関所

 それにしても、国外追放ってもっと厳しい処罰なのかと思った。追い立てられるようにして国を出なければならないと思ったのに、本当にのんびりとした旅行気分だ。


 関所を通るのは二度目だけど、何も悪いことなんてしていないのにすんなり通れたためしがないな。前回だって―――


「あれ、誰かの嫁にならないと通れない?」


 スマルトさんに誘拐された時の事を中途半端に思い出して私は焦った。どうしよう、選ぶならカーマインだけど、でも振られたら置いてけぼり?えっと、どうしてそんな話になったんだっけ?


「身分証も通行証もしっかり持ってるから、そんな関所破りみたいなことしなくても大丈夫ですよぉ。それにしてもどっからそんな知識仕入れたんですか」

「関所破り?やっぱりあの通り方ってまずい方法なの?」

「あーあの時か。再会した途端にノアがぎゅーっと抱き着いて―――」

「わあーーっわーっあーーっ。トープ、ダメだよ」


 慌ててトープの口を両手でふさぐ。慌てて周りを見回すけれど、こちらを気にしている人やカーマインはいなかった。

 ほっとして胸を撫で下ろしていると、ぽそっとラセットが神妙な面持ちで言う。


「気を付けて下さい。主はああ見えて結構嫉妬深いです。なんせ赤の女神の加護を受けているかもしれないお方なんで」

「ヴァレルノの王様たちはそんな人を処刑しようとしていたんですか」


 神様の加護を受けているなら、特殊な能力を持ったりして何だかすごい事が出来るイメージだ。国に保護されたり、悪い集団に誘拐されたりするならわかるけれど、国家が処刑するなんて理由が見当たらない。取り込んで味方に付ける方が余程国の為になる。


「通常は神殿で認定を受けて加護持ちとされるんですがね。旦那はめんどくさいと審査を受けてなかったんですよ。神殿に束縛されるのは嫌だって」

「つまり、まだ断定もしてないし公表もされていないのですか」


 加護持ち、加護持ちか……夢の中で神様に会ったと言うのは加護とは言えないよね。闇の日生まれで長生きしているのは、闇の神様のサービスで前世の残り寿命を上乗せしてるってだけだし。特別な力なんて特に何もない。はずだ。
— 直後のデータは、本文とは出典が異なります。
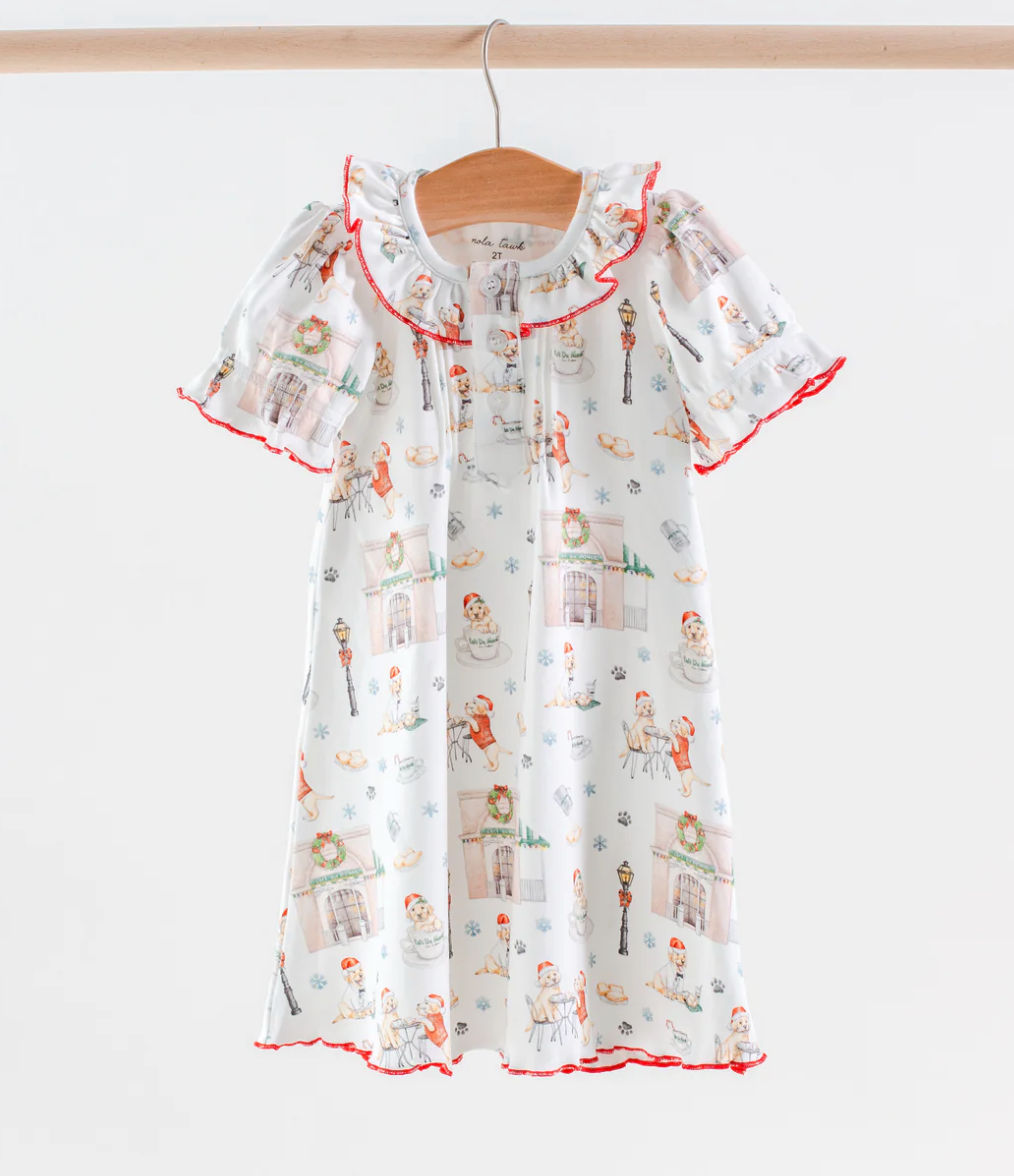 Café du Monde Beignet Holiday Gown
うん。

 肖像画でカーマインを助けられたのは私の絵の才能のお陰だと信じたい。……難しいところかな。


 ―――あれ?

 七つの月が女神で、夜空を渡って闇の神に会いに行く。

 会いに行った先は死者の世界なので、闇の神が転生させる。

 ……神々が生き物に大して加護を与えるのは、転生していたら出来ないよね?


「転生とは違うんですか?」

「あ、その辺は民間伝承ですねぇ。神殿の見解は加護持ちと言う扱いで統一されてます。ってか女神の転生者が何人もいたらおかしいでしょ」


 加護持ちは一人ではない…と。歴史の中で変わってしまったり、都合の良い解釈をされたりするのは分かるけれど、こうもポンポンといろんな情報が出てくると覚えていくのも大変だ。
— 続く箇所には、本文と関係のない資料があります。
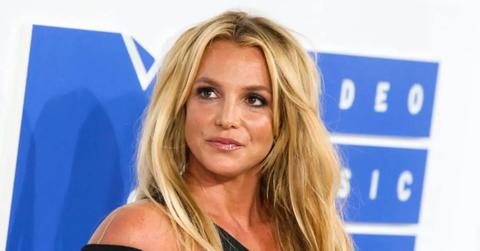 britney spears smile again god slapped nba security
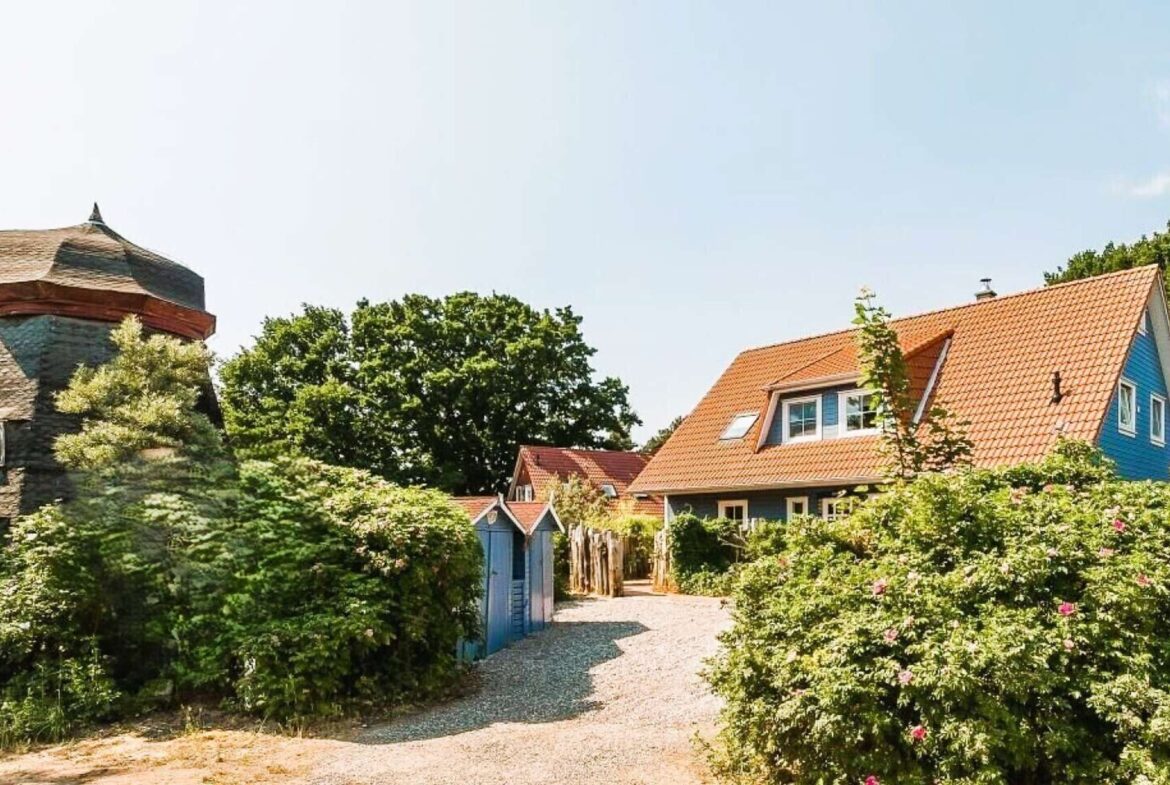 Zufahrt zum Haus 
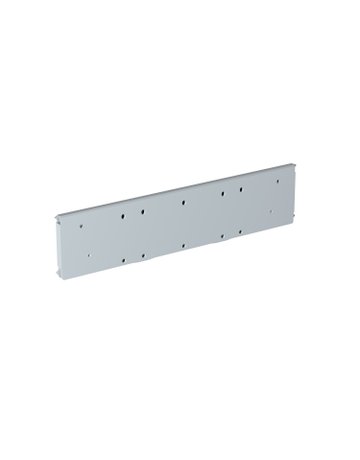 Bild Trennwand, 400 mm, Kunststoff, Aluminium Optik - Hettich-0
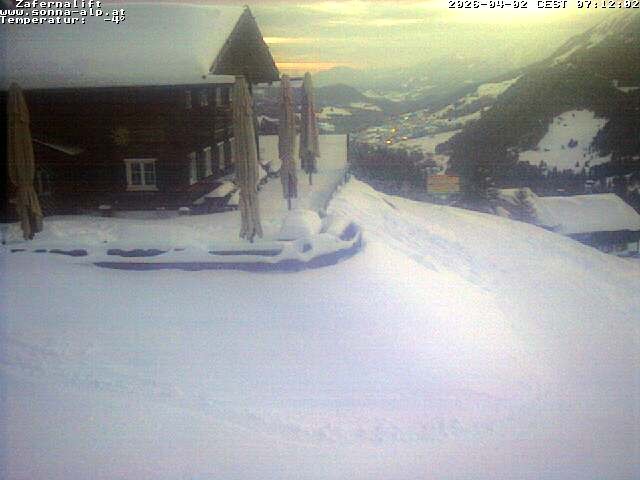 Archiv Foto Webcam Sonna Alp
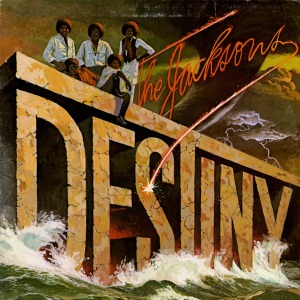 The Jacksons / Destiny (LP MINIATURE)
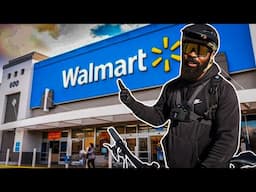 I Was NOT Ready for What I Found at Walmart’s Bike Aisle!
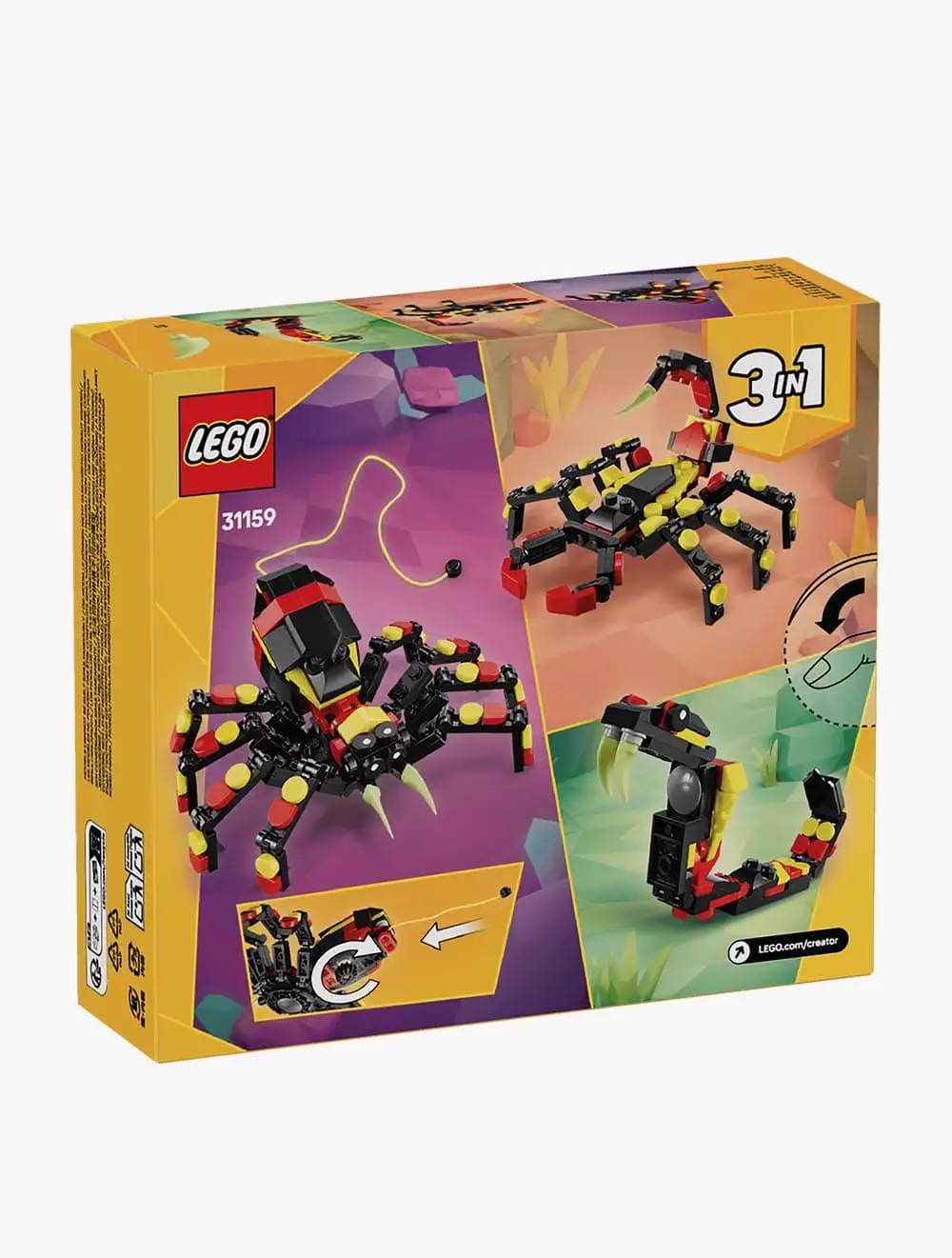 LEGO® Creator Wild Animal: Surprising Spider - 31159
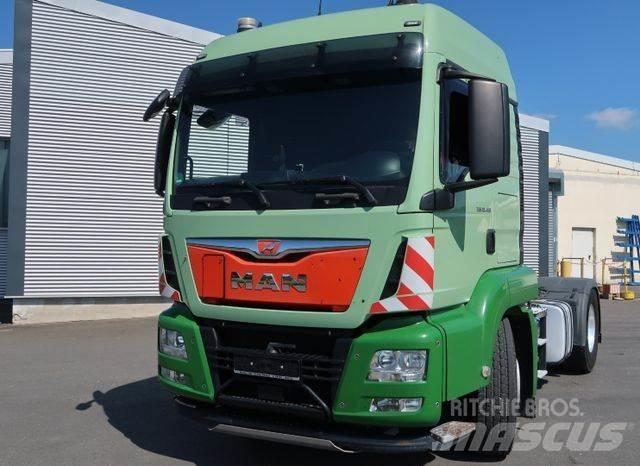 MAN TGS 18.460 BLS Tractor Units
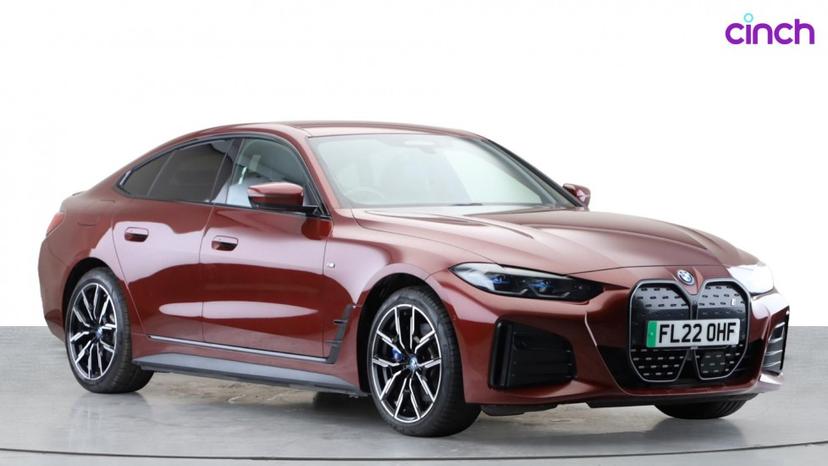 BMW i4 Gran Coupe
 そして、どれも本当かもしれない。どうか、誰かに教えるような機会がありませんように。


「あとそれともう一つ質問が」

「何ですかい?」

「私、その……カーマインに焼きもちを妬いてもらえますか……ね…」


 恋心は確かに自分の中にあるのは自覚できてる。けれどそこから先に進むとなるとカーマイン側の気持ちだって必要なわけで。処刑の危機から助けはしたのに、惚れてもらえる自信なんてまだまだ無い。トープを振ってしまった手前、幸せになりたいとは思っているけれど……


「お宅の妹さん、ちょっとおかしいんじゃないですか。命がけで救ったのにあれは無いでしょ」

「国外追放されて付いて来いとまで言われたのに…あっ、フラれたのにのこのこ付いてきちゃった俺が悪いのか?」


 ラセットとトープが二人してぼそぼそと話している。何だか可哀想な人のように見られている感じがするのは気のせいだろうか。不安になったので頼れる縁結びの妖精様に聞いてみた。


「ガガエ、私、カーマインにちゃんと好かれるかな?」

「大丈夫、縁は切れてないよ。ノアはそのままで大丈夫」


 ガガエが太鼓判を押したのでひとまずは安心する。後はこれから少しずつ努力するだけだ。邪魔にならないように、且つ好かれるように。性格は大人な感じが好みかな。それともいつまでも若々しい感じ?グラマラスボディを期待されてもちょっと無理だけどスレンダーが好みって人もいるし、その辺りを探りながら旅をしよう。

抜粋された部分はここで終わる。